Hi, just thought i add some ideas. Since I read you're using a mirrorless camera, you might want to look into tilt shift lenses or adapters for larger format lenses rather than doing focus stacking, there's alot of work involved with focus stacking than you might anticipate. Ive used both focus stacking and TS lenses for work and you just cant beat the immediacy of a tilt shift lens.

The main reason Focus stacking can be a pain is, in contrary to popular thought, you shouldnt change the focus of the lens, instead move the camera itself forward or backward. More so with macro work like watches. because if you do change focus, you'll be changing the reproduction ratio and making it harder for the software to do focus stacking.

Lastly, focus stack, its a hassle for non hacking watches. youll have to drain the mainspring first before you can proceed shooting the tens or hundred of images for the stack.
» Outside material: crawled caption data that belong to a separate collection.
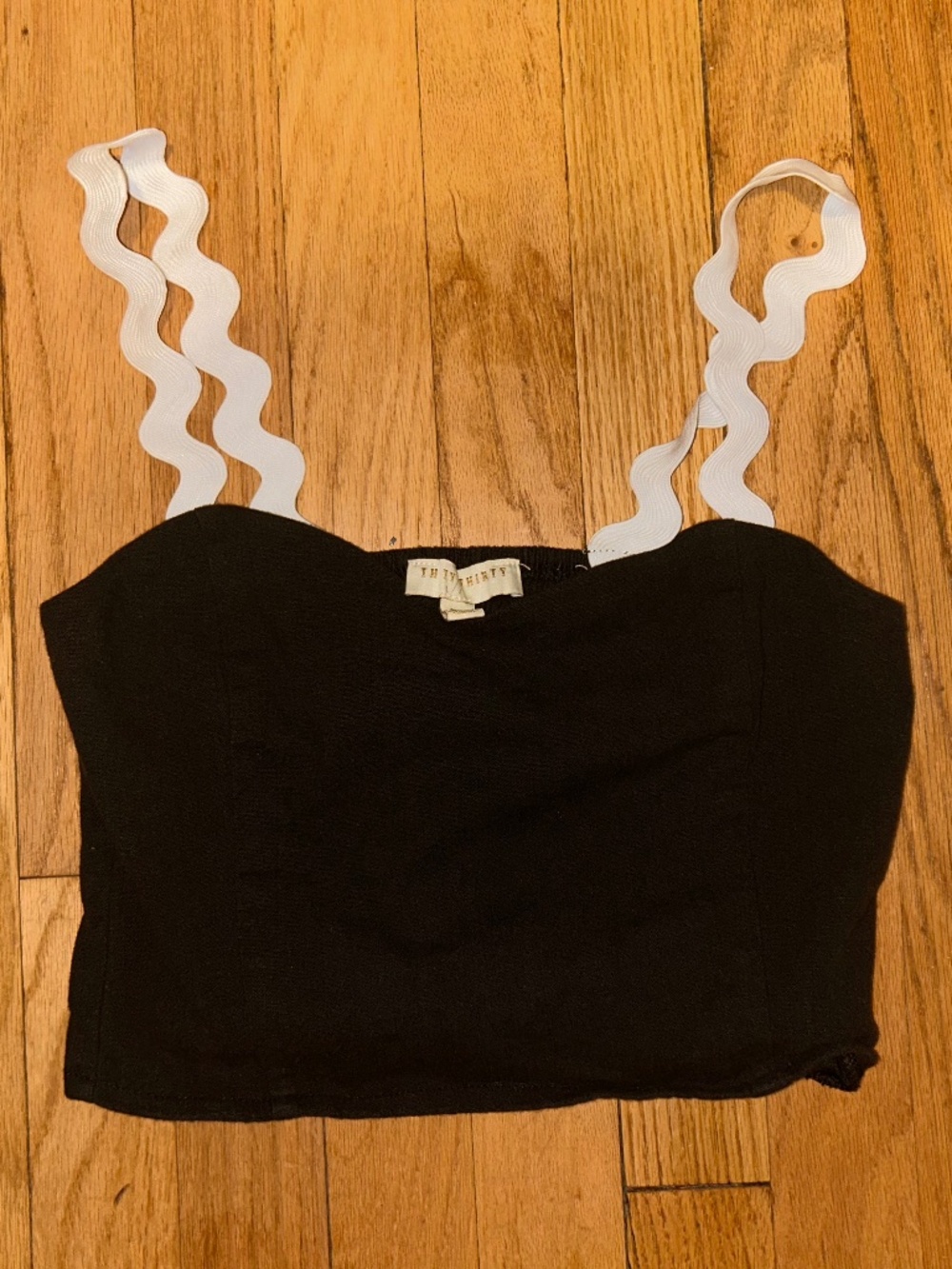 Thirty Thirty Black Crop Top with White Wavy Straps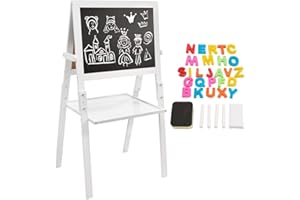 Mamabrum Kids Easel & Painting Easel for Toddlers 98 x 45 x 42 cm - Play Board with Storage Shelf and Accessories - Double-sided Wooden Art Easel for Kids Magnetic Whiteboard & Chalkboard for Children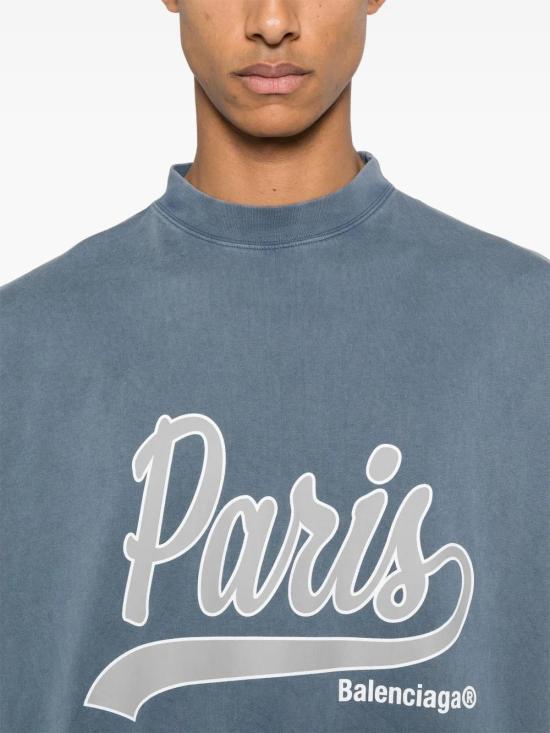  발렌시아가 반팔 티셔츠 787349TRVM1 blue - BALENCIAGA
Unless you're really into trying it out, which can be useful to like photographing something as small as a grain of rice and have it in absolute focus. Otherwise, get older medium format lenses and buy a tilt shift adapter if Fuji hasnt come up with their own yet.


----------



## stlwatchlvr

cuckoowasp said:


> Hello everyone,
> 
> I'm interested in upping my watch photography. To date, I've shot a lot with filtered/softened natural light. I've also used very inexpensive light boxes for jewelry and watches.
> 
> I'd like to up my lighting game to better share my collection and take better photos of watches I'm planning on selling.
> 
> There are a _ton_ of options available, in a lot of price ranges. I'm curious what other folks are using, and what anyone would recommend.
> 
> The Ortery PhotoSimile 50 looks great, but it's 35 pounds and $2,450. That's a pass, to be sure.
> 
> I've used this $20 folding kit and, well, I got what I paid for. I'm looking for something better.
> 
> The FotodioX LED Studio-in-a-Box has a good price ($70) and seems like it might do the trick.
> 
> (I know that I could put something together with white poster boards, but I'm looking for something that will be quick to set up and take down. I'm already doing a lot of the standard things to improve my photography: I shoot with a tripod, diffuse the sun with a scrim when I'm outdoors, have a good macro lens and manually set my white balance with a grey card before I'm shooting, etc. I don't have nice off-camera strobes, and am not looking to buy those now. I _do_ have smaller off-camera flashes, but I find that they're a pain to set up, position, and sync with my camera.)
> 
> For what they're worth, here are some of my better photographs of watches to date:
> View attachment 15428300
> View attachment 15428304
> View attachment 15428305
> View attachment 15428306
> View attachment 15428307
> View attachment 15428308
> View attachment 15428309


First, great pics!

Second, I have gotten away from light boxes in favor of big diffusion panels and studio strobes. I got the idea from a YouTube video where he had these 5x5 foot diffusion squares above and below his watch. really created a light box if you think about it, but allowed some directional light from his strobes (he used 4! and I only have 2).

Light boxes are kind of limiting, so seriously consider just getting some strobes and soft boxes/diffusion panels. Then your options are pretty much limitless.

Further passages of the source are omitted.